As the White Sox work on their seventh straight losing season, in whatever they’re calling that ballpark at 35th and Wentworth these days, the team is practically giving away tickets. Currently, you can sit in the upper deck for $5, less than you’d pay to sit on the lawn at a Kane County Cougars game.
Despite this, the Sox are drawing half as many fans as the Cubs, whose cheapest tickets cost more than twice as much. With the Sox so desperate for wins and attendance, it’s worth asking: Can Chicago still support two baseball teams? And if it can’t, would the White Sox be better off with a city of their own, instead of soldiering on in the ever-expanding shadow of the Cubs?
At the beginning of the modern major league era, in 1901, there were five two-team towns. By the end of the 1950s, Chicago was the only one left. In Philadelphia, St. Louis, Boston, and New York, the less popular franchises moved to new cities. In every case, they were more successful than they’d been in their old homes.
But the White Sox had no reason to leave Chicago. In the ’50s, they were a bigger deal than the Cubs, winning more games (and even a pennant) and drawing more fans. Back then, the South Side was a political and economic powerhouse. Bridgeport, the team’s home neighborhood, was the duchy of the Sox fan Daleys. The stockyards fed America, and the steel mills built its skyscrapers. Plus, Wrigley Field didn’t have lights, so the city needed a team for people with day jobs.
The balance of popularity between the two teams began to shift in the late '60s, for reasons related both to baseball and to the diverging fortunes of the North and South sides. “The Chicago White Sox, 1968-70: Three Years in Hell,” an article by Sam Pathy for the Society for American Baseball Research, pinpoints when and how things went south for the South Siders.
On April 10, 1968, the White Sox lost their home opener, 9–0. What was worse was that only 7,756 bothered to show up. The game came less than a week after the assassination of Martin Luther King Jr., and subsequent riots accelerated the growing fear that Comiskey Park, and its Bridgeport neighborhood, were dangerous to visit (even though the closest riots to the park happened more than five miles away). In the last decade, white flight had affected the Canaryville and Back of the Yards neighborhoods near the park, as the Union Stockyards all but closed down, eliminating decent jobs.

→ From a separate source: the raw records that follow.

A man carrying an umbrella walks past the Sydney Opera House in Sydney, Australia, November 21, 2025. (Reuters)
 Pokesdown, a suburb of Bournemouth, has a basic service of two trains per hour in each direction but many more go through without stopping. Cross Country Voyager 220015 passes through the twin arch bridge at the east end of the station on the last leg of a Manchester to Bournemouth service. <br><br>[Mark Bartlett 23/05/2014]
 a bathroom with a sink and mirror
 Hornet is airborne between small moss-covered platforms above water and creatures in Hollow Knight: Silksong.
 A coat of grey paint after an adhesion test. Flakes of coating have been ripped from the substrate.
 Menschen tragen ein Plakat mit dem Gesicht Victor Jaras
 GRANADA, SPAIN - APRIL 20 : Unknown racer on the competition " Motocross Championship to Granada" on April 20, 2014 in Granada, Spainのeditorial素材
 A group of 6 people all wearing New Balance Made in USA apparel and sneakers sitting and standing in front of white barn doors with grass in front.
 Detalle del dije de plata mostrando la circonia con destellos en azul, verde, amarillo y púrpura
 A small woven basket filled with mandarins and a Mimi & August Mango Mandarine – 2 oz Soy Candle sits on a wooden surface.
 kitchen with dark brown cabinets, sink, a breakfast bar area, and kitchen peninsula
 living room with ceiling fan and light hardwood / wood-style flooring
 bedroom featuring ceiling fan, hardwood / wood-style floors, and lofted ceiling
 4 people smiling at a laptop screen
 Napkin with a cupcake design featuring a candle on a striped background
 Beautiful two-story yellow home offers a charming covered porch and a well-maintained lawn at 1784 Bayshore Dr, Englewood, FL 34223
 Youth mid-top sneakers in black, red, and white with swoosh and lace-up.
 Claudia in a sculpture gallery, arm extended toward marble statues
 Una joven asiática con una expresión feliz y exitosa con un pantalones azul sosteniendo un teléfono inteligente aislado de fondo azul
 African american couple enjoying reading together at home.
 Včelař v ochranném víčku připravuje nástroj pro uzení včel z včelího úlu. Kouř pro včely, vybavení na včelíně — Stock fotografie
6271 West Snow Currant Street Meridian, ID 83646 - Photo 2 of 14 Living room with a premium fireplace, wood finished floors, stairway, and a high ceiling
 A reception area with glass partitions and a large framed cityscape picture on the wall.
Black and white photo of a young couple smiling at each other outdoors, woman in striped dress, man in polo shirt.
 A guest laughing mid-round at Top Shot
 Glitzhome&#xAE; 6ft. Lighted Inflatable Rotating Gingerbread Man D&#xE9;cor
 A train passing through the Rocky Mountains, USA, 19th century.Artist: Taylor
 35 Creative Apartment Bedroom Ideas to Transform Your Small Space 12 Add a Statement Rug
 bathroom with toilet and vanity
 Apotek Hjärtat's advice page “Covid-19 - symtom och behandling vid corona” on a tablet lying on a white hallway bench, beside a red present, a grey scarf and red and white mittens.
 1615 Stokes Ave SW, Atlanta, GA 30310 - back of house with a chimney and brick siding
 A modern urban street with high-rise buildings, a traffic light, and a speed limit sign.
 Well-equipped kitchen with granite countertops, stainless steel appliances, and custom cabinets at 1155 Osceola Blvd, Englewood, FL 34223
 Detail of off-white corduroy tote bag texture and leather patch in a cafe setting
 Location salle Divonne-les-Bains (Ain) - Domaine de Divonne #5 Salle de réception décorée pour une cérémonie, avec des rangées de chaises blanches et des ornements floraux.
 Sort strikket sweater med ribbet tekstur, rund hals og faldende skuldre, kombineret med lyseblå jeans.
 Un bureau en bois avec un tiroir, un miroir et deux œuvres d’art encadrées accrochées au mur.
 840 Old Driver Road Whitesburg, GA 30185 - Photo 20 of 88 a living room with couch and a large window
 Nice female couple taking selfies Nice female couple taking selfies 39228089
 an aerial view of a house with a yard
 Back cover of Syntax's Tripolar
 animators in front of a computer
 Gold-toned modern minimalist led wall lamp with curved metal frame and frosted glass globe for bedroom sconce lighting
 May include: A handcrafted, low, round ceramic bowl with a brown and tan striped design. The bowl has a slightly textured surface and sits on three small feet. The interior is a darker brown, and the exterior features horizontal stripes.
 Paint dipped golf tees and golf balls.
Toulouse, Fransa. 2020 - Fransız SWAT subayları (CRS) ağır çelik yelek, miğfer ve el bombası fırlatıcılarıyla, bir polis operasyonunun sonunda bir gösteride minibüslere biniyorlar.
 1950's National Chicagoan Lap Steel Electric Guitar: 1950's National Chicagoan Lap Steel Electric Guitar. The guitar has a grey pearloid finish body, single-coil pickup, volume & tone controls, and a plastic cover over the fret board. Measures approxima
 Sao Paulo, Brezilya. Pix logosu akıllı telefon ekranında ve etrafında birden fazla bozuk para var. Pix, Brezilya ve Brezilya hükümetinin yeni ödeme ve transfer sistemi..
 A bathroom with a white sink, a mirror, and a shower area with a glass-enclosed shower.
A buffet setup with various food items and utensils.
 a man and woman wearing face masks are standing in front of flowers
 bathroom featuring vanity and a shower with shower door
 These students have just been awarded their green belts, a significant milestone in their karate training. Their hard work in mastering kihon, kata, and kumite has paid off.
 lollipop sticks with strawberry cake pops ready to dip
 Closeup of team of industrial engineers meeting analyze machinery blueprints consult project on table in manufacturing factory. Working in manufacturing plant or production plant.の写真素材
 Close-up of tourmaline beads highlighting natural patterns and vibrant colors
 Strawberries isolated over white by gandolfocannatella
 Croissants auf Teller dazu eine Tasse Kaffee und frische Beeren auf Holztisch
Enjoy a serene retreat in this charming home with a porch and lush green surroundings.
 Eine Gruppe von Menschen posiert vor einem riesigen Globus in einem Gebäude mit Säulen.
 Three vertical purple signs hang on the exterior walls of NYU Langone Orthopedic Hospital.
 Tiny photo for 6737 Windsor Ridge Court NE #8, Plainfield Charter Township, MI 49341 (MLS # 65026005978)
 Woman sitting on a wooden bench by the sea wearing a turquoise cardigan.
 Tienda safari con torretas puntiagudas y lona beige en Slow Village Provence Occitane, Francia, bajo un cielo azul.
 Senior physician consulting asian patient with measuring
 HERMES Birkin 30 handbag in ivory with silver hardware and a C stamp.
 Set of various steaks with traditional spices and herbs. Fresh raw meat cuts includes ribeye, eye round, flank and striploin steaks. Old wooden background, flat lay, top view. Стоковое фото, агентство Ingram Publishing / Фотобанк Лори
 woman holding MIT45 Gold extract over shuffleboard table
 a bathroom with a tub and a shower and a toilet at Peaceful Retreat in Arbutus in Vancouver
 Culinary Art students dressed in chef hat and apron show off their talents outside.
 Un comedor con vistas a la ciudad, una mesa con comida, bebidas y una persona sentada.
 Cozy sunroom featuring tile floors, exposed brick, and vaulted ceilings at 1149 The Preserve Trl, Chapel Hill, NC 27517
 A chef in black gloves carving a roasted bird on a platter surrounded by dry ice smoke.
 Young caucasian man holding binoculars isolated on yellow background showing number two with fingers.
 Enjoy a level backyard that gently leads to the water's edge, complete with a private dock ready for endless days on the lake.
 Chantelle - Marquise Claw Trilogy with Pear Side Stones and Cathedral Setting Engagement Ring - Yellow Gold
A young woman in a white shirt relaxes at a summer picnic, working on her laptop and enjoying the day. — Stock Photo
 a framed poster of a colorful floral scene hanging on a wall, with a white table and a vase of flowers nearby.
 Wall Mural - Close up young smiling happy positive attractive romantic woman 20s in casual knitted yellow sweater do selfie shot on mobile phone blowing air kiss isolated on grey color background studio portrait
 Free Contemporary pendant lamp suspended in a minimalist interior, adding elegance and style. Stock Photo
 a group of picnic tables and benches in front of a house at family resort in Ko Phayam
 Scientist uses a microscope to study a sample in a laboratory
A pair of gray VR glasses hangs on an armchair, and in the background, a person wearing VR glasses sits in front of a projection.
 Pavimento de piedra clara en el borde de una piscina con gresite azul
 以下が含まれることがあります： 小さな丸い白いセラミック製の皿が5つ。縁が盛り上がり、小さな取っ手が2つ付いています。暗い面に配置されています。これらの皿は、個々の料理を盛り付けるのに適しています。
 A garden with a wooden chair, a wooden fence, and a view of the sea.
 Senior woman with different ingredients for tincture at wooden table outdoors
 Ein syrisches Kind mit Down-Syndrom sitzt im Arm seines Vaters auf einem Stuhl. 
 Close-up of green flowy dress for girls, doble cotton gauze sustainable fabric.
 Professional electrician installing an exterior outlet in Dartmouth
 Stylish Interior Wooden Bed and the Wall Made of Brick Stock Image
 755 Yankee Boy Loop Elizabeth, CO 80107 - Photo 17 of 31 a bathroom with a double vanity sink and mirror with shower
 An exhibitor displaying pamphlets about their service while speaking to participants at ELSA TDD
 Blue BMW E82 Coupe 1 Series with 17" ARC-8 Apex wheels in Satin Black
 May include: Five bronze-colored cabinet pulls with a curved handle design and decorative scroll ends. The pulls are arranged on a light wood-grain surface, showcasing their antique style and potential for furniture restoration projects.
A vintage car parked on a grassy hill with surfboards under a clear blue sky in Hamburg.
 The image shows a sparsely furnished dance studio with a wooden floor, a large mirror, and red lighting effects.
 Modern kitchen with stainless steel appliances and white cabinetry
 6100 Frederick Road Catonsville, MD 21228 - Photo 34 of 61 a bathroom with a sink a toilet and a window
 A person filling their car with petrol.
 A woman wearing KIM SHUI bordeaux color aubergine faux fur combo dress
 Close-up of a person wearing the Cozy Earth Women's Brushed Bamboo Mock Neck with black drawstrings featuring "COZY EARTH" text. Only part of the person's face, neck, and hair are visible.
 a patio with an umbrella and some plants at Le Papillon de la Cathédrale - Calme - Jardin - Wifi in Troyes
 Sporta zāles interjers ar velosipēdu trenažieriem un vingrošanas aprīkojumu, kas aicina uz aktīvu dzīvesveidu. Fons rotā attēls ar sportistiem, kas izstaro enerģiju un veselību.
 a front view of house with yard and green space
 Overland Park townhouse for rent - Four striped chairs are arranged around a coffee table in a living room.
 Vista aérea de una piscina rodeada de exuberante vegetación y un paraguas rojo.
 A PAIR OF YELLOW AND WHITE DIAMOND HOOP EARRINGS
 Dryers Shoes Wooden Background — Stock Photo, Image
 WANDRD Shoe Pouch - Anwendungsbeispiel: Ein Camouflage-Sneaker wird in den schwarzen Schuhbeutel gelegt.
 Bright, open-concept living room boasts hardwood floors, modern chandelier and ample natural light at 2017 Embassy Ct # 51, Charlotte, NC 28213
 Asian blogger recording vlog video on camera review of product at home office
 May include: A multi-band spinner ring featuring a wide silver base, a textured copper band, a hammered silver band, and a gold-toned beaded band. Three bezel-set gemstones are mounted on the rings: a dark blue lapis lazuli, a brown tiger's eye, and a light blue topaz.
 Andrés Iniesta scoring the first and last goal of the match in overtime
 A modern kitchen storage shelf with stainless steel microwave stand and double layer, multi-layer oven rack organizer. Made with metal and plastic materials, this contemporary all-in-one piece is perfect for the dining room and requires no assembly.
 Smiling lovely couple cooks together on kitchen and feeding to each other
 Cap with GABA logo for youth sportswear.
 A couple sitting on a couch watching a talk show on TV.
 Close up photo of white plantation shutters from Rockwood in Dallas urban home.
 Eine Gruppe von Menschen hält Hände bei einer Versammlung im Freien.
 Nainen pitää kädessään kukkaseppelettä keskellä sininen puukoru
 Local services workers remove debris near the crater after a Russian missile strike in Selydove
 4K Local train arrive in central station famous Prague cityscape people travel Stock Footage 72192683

That year, the White Sox played nine games in Milwaukee. There was talk that the team would move there to fill the gap left by the Braves, who had departed for Atlanta two years earlier. But the Seattle Pilots beat them to it.
The White Sox considered moving to Seattle in 1975, but the Mariners took that market. And, of course, Jerry Reinsdorf threatened to move the Sox to St. Petersburg, Florida in the late 1980s if the state didn’t build him a new ballpark. Now the Rays are there.
The White Sox got another bad break when divisional play began in 1969. They were assigned to the American League West, which meant their West Coast games were on too late for fans to listen. The Cubs, meanwhile, got into the National League East.
The Cubs also made a few smart marketing moves that helped them build a strong regional — and even international — following. First, they hired announcer Harry Caray away from the White Sox. When the Tribune Company bought the Cubs, they beamed his broadcasts nationwide on the WGN Superstation, making him a beloved figure associated with a team who just couldn't win a pennant — the “Lovable Losers.”
On various maps of baseball fandom, Cub Country encompasses northern Illinois, Iowa, central Indiana, and southwestern Michigan. It envelops Sox Country, which is limited to the South Side, the south suburbs, and Northwest Indiana.
Meanwhile, as professional services replaced industry as the linchpin of Chicago’s economy, money, people, and power migrated to the North Side. The Cubs both benefited from this trend and encouraged it, as their crumbling old stadium matured into a lifestyle amenity. (The Cubs can never leave Chicago because they’re inseparable from Wrigley Field: they’re a ballpark with a team, not a team with a ballpark.) The Sox haven’t outdrawn the Cubs since 1992 — not even in 2005, when they won the World Series.
Also — let’s be honest — the Sox haven’t built much of a reputation on the field. They are arguably the least distinguished, most anonymous franchise in baseball history. They have fewer postseason appearances (nine) than any of the Original 16 teams, and are tied for the fewest pennants with six. They’ve had some Hall of Famers — Ted Lyons, Luke Appling, Nellie Fox, Frank Thomas, Harold Baines — but nobody on the All-Century Team. (Shoeless Joe Jackson might have made it, but he didn't play long enough, having been banned from baseball for allegedly throwing the 1919 World Series.)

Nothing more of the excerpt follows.